** The input follows **

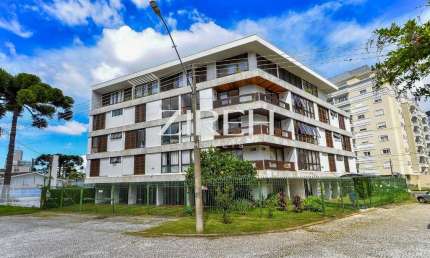 Apartamento com 3 quartos à venda na Rua Almirante Tamandaré, 128, Alto da Rua XV, Curitiba por R$ 1.100.000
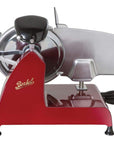 Berkel Red Line 250 Electric Meat Slicer - J. L. Hufford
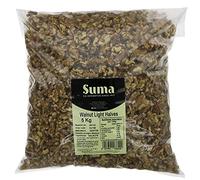 Suma Bagged Down Walnuts - Light Halves 5KG
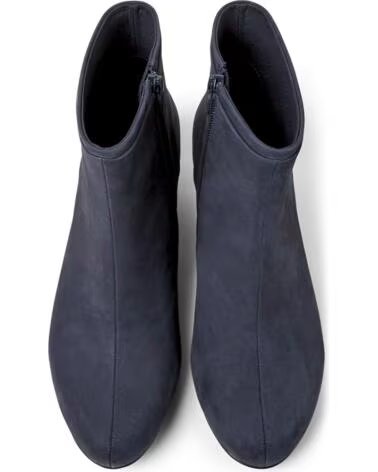 KAPPA BOTTINES CAMPER 46232 HELENA BAS BLEU BLUE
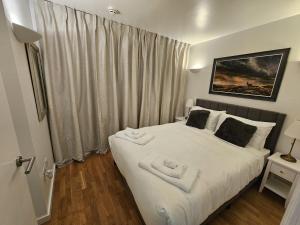 Luxury Apartment in Canary Wharf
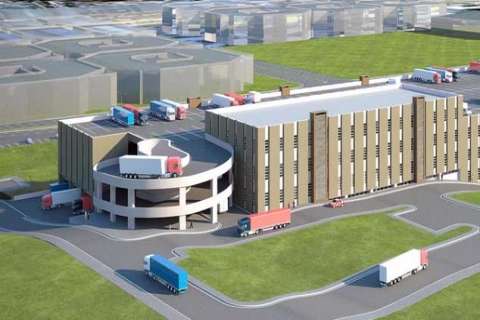 Sinpaş İş Modern 2. Etap'ta metrekaresi 2 bin 150 TL'ye! 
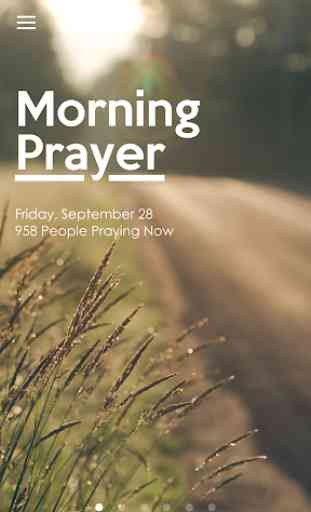 Daily Prayer App 1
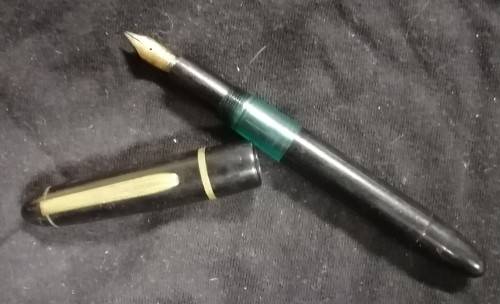 Old Fountain Ink Pen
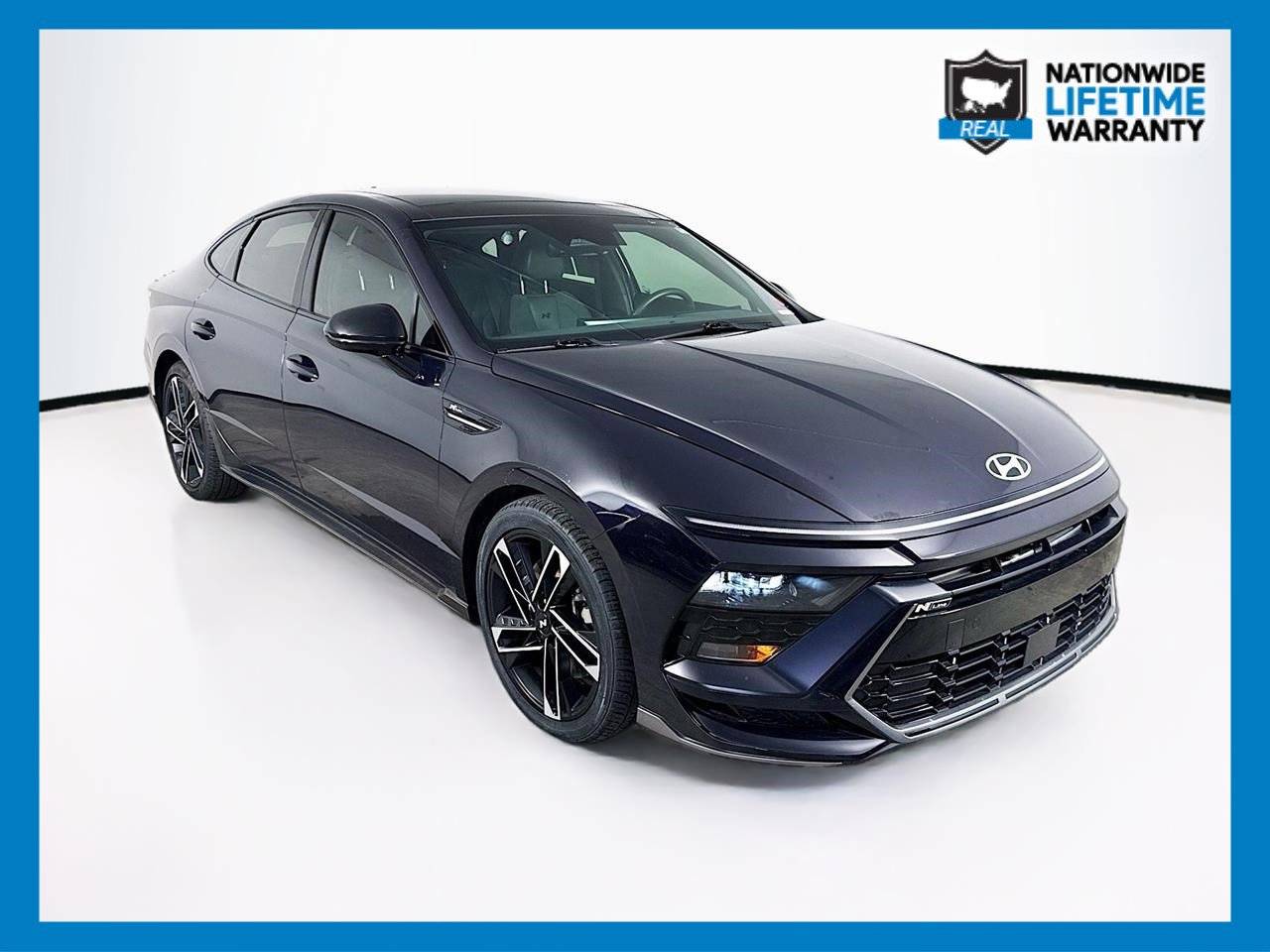 2024 Hyundai Sonata N Line — Sedan — 17,972 mi — Tampa, FL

** End of The input **

Work item: From the entries above, write out every line without a single change, skipping the images.

Exercise result:
 Apartamento com 3 quartos à venda na Rua Almirante Tamandaré, 128, Alto da Rua XV, Curitiba por R$ 1.100.000
 Berkel Red Line 250 Electric Meat Slicer - J. L. Hufford
 Suma Bagged Down Walnuts - Light Halves 5KG
 KAPPA BOTTINES CAMPER 46232 HELENA BAS BLEU BLUE
 Luxury Apartment in Canary Wharf
 Sinpaş İş Modern 2. Etap'ta metrekaresi 2 bin 150 TL'ye! 
 Daily Prayer App 1
 Old Fountain Ink Pen
 2024 Hyundai Sonata N Line — Sedan — 17,972 mi — Tampa, FL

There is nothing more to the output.